日本大百科全書(ニッポニカ) 「層状含銅硫化鉄鉱床」の意味・わかりやすい解説
層状含銅硫化鉄鉱床
そうじょうがんどうりゅうかてつこうしょう
bedded cupriferous iron sulfide deposit
主として黄鉄鉱、磁硫鉄鉱などの硫化鉄鉱物からなり、黄銅鉱と少量の閃亜鉛鉱を含む緻密(ちみつ)な鉱石からなる層状の鉱床。キースラーガーKieslager(ドイツ語)またはキースラーガー型鉱床ともいう。

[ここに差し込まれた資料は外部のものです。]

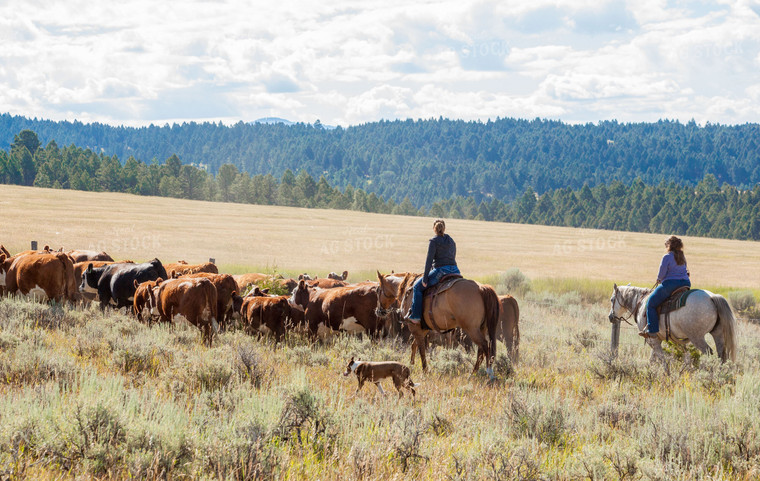 Cattlemen and Cattle in Pasture 81103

泥岩や砂岩などの堆積(たいせき)作用が行われているところで中央海嶺(かいれい)の海底火山活動がおこり、これに伴う熱水作用によって生成されたと考えられる。鉱床の母岩が塩基性火山岩と泥岩、あるいは砂岩の互層からなるのが特徴であるが、広域変成作用を受け、緑色片岩、黒色片岩、珪(けい)質片岩などになっていることが多い。日本の別子鉱床(べっしこうしょう)がモデル鉱床とされ、世界的にも別子型鉱床Besshi-type depositとよばれる。日本のほか、アメリカ、カナダ、ナミビア、ノルウェー、ウガンダ、インド、フランスなど世界各地に分布する。現在カナダ沖のファン・デ・フカJuan de Fuca海嶺北部、カリフォルニア湾グアイマスGuaymas海盆などで生成されつつある熱水鉱床が、地質時代の別子型鉱床に相当すると考えられている。